Intriguingly the seduction of film, and the seduction of the explosion cross paths, as cinematic heroes and villains shoot each other in storyboarded narratives, locked in a perpetual feedback loop. The gun is a mythologised artefact. “Aim”, “In sight”, “shoot” and “fire”; the language of the gun is shared with that of photography and film. It’s not surprising that the camera and gun evolved together. In the 1880’s cameras with sequential frames for time and motion studies were made from modified guns with a a rotating disc of light sensitive film recording in the place of the bullet that would have frozen motion.

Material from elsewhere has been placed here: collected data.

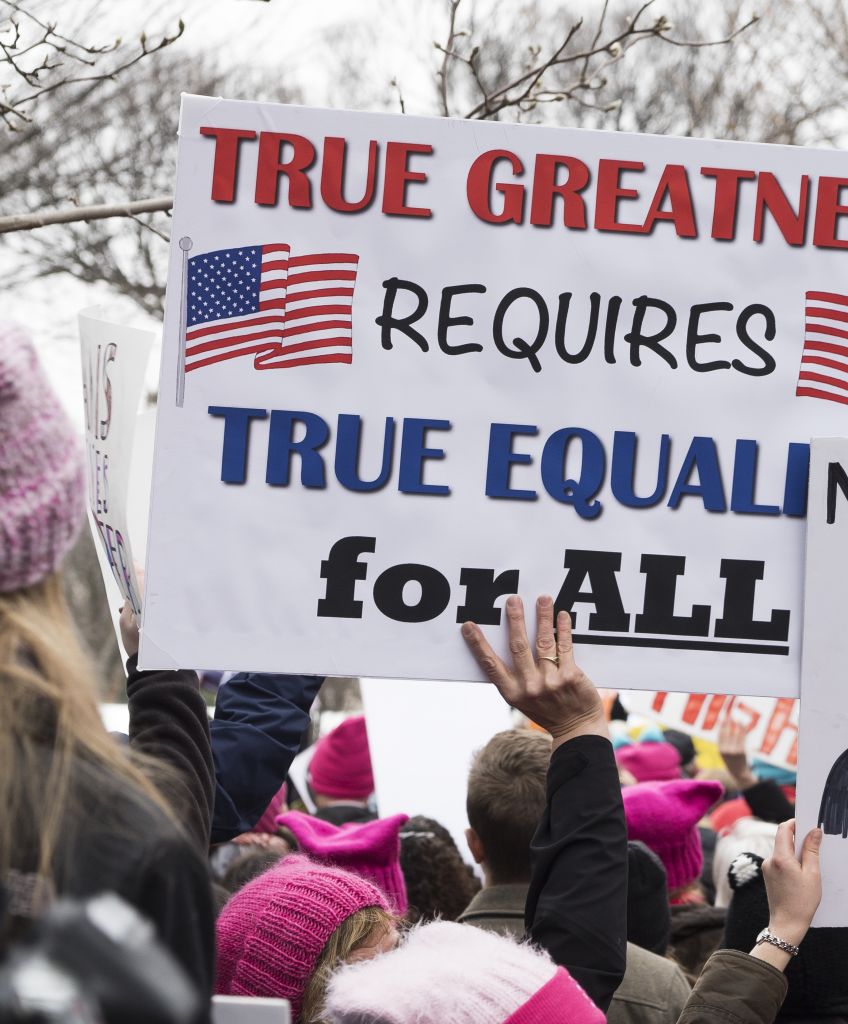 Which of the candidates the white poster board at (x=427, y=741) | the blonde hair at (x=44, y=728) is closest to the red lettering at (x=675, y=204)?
the blonde hair at (x=44, y=728)

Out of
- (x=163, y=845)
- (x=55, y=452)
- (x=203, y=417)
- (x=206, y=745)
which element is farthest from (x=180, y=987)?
(x=203, y=417)

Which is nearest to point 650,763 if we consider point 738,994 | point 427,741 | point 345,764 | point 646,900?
point 345,764

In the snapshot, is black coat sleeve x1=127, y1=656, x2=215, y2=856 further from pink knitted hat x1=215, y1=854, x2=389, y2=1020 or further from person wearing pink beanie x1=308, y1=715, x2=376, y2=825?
person wearing pink beanie x1=308, y1=715, x2=376, y2=825

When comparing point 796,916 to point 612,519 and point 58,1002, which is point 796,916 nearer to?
point 612,519

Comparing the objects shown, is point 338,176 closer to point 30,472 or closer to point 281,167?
point 281,167

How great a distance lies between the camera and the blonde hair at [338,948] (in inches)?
89.4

In examining the point where language and imaging intersects, this newly commissioned series of images is made by photographing bullets firing from a revolver in total darkness. Each of the photographs I have taken captures the entirety of a gunshot, from start to finish. Contrary to the high-speed fraction of suspended action used in scientific imagery by Harold Edgerton known for his micro second photographs of nuclear explosions and bullets in mid flight, these images are a summation of the durational energy and action that the camera witnessed.
Sitting on the line between objective fact and imagined reality, the fragments of muzzle flash reference epic cinema, the skies of romantic painters such as John Martin – and the expansive dioramas his paintings inspired. The slippage between cataloguing observation and subjective association is territory that fascinates me. I propose that instead of fixing a certainty, the representations we make of the world amplify our doubts about the experiences we have of reality.
Celestial Objects was exhibited at Durham Art Gallery in 18 October 2013 – 12 January 2014 in the exhibition Aim and Fire, a core exhibition of The Social: Encountering Photography.